Litigators Face New Risks as AI Tools Enter Civil Cases
Artificial intelligence is now standard in law offices, used by litigants across all experience levels. But the technology creates procedural and ethical problems that existing rules don't address.
Opposing counsel may use AI-assisted drafting tools without telling you. Pro se litigants might generate thousands of discovery requests unconnected to the actual claims. Worse: litigants upload confidential client materials into third-party AI platforms without knowing how that data gets reused or stored.
These scenarios demand practical defenses and strategic responses.
Disclosure and Transparency
Courts have not yet settled whether lawyers must disclose AI use in drafting motions, briefs, or discovery responses. Some jurisdictions are moving toward mandatory disclosure; others remain silent.
The safest approach: assume disclosure will be required. Document when and how you use AI tools. Know your jurisdiction's rules on this point-they're evolving monthly.
Vetting Discovery Requests
AI can generate discovery at scale. A pro se opponent armed with a generative AI tool can send hundreds of requests that have nothing to do with the case.
Challenge overbroad requests under Rule 26(b)(1). Require specificity. Make opposing counsel explain how each request relates to a claim or defense. This filters out AI-generated noise.
Data Security and Third-Party Platforms
Never upload client documents, case strategy, or confidential information into public AI platforms like ChatGPT or Claude without a data processing agreement. Your firm may have no control over how that data is used, stored, or retained.

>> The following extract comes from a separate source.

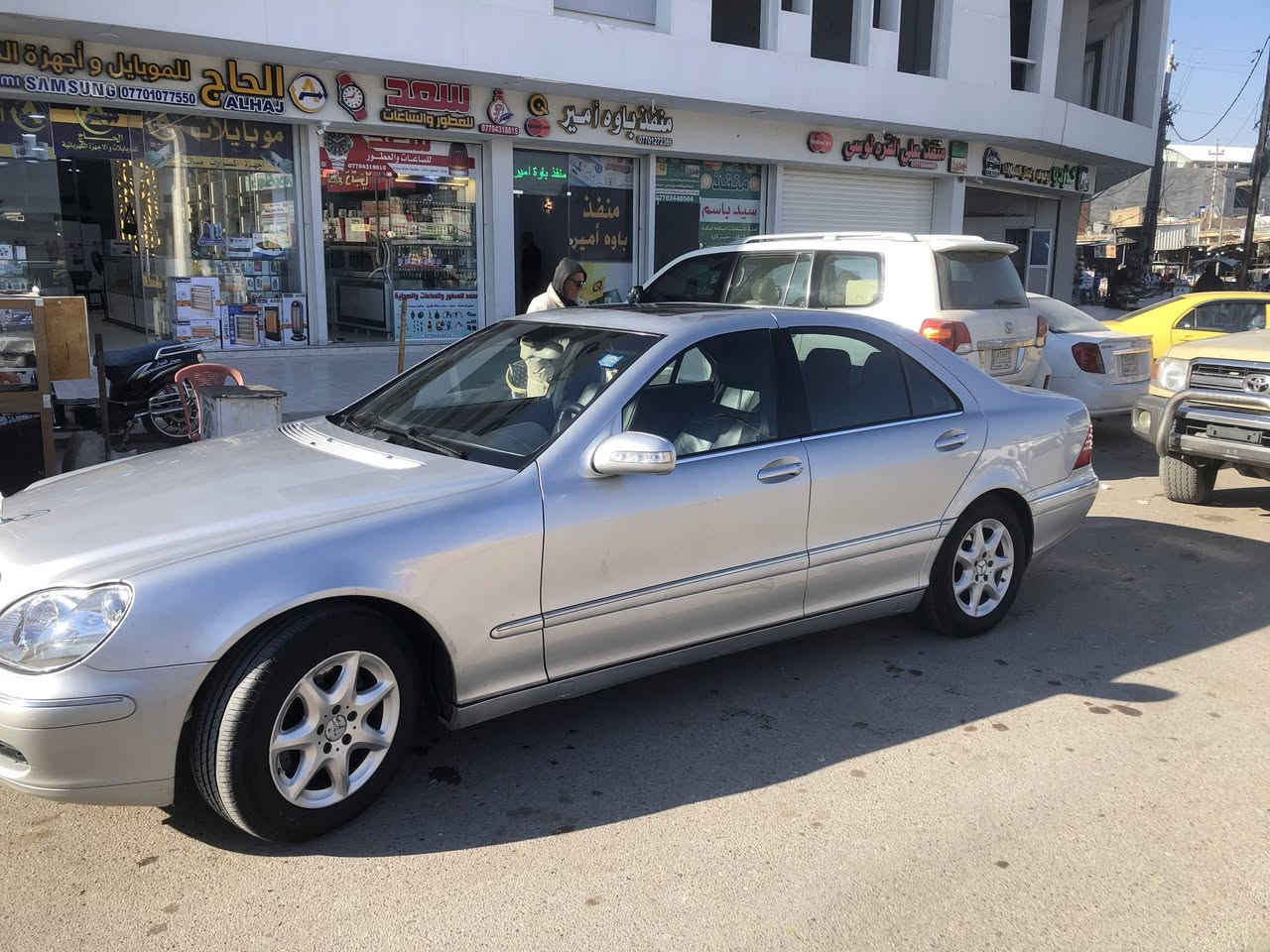 عندي هذا سياره مارسيدس خواصه موديل ٢٠٠٤ رقم بغداد بدون ضرب وبدون صبغ .السعر ١٤٠ ..موبايل *********** ديالى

Use enterprise AI tools with data protection guarantees. Consult your IT and compliance teams before adopting new platforms.
Using AI Strategically
AI can accelerate legitimate work: document review, deposition preparation, research organization, and initial draft generation. The key is human review at every stage.
Understand how to get the best results from AI tools. Learn how to structure requests and refine outputs. This is where prompt engineering matters for litigation work.
Ethical Obligations
You remain responsible for work product, whether you drafted it yourself or AI assisted. If AI generates a factual error, hallucination, or misquote, you own it.
Review all AI output as if you wrote it. Verify citations. Check facts. This is non-delegable.
For broader context on AI applications in legal practice, see AI for Legal.
The Bottom Line
AI is a tool. It accelerates work and creates risks. The litigators who adapt will be those who use it strategically while protecting client confidentiality and maintaining accuracy. Those who ignore it or use it carelessly will face sanctions, malpractice claims, or ethical violations.
The procedural and ethical rules will catch up. Until they do, disciplined practice is your best defense.